Ormai la giovane è entrata dentro una tagliola senza scampo: prepotenza,
protervia e ignoranza dei suoi persecutori la violenteranno con una crudeltà
da cui conseguiranno la diffamazione e l’isolamento. La bella ragazza
che in un ritratto dell’epoca appare dotata di «gentilezza e ritrosia,
sensibilità e timidezza», ha un destino segnato, chiusa come è
ormai tra la stretta del bisogno di lavorare per la sopravvivenza sua e della
sua famiglia e l’orgoglio dell’onestà. Togliersi la vita,
in maniera così drammatica, è l’unica scappatoia che le
resta, l’estrema strada che pensa di poter ormai percorrere, aperta verso
la riabilitazione e il riscatto.
Scrivendo questo commovente romanzo, Elena Gianini Belotti non ci ha offerto
solo la ricostruzione della vita di Italia Donati, ma ha tracciato un quadro
più ampio della situazione delle maestre nell’Ottocento.
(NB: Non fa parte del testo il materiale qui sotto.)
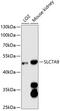 Solute Carrier Family 7 Member 9 antibody, GTX66127, GeneTex, Western Blot image 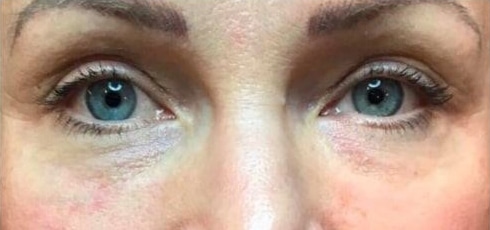 After Image: Fillers - front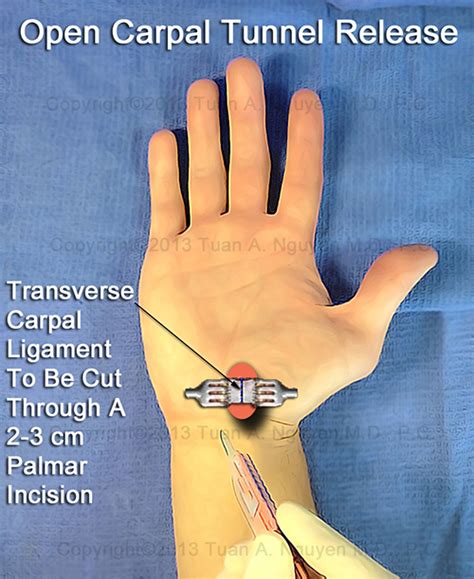 Pics For > Open Carpal Tunnel Surgery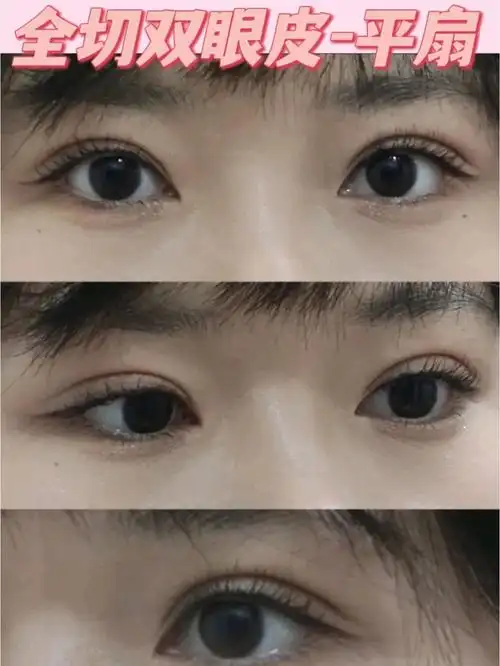 平扇双眼皮分享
A conforto
del suo pensiero, l’autrice riporta anche un articolo di Matilde Serao
in cui «redige un elenco delle vittime nei paesucoli del nord come del
sud: la giovane insegnante che per disperazione si butta dal campanile della
chiesa; quella che si avvelena con i vescicanti; quella che muore di fatica
e di fame per tornarsene a piedi dalla famiglia (…)Giovani donne cadute
sul campo dell’emancipazione. Dietro queste drammatiche storie ci sono
quasi sempre odiose calunnie inventate da un pretendente respinto, spesso un
loro superiore…»
Un romanzo – questo – dalla forte valenza sociale, ricco di riflessioni
psicologiche e splendide descrizioni paesistiche.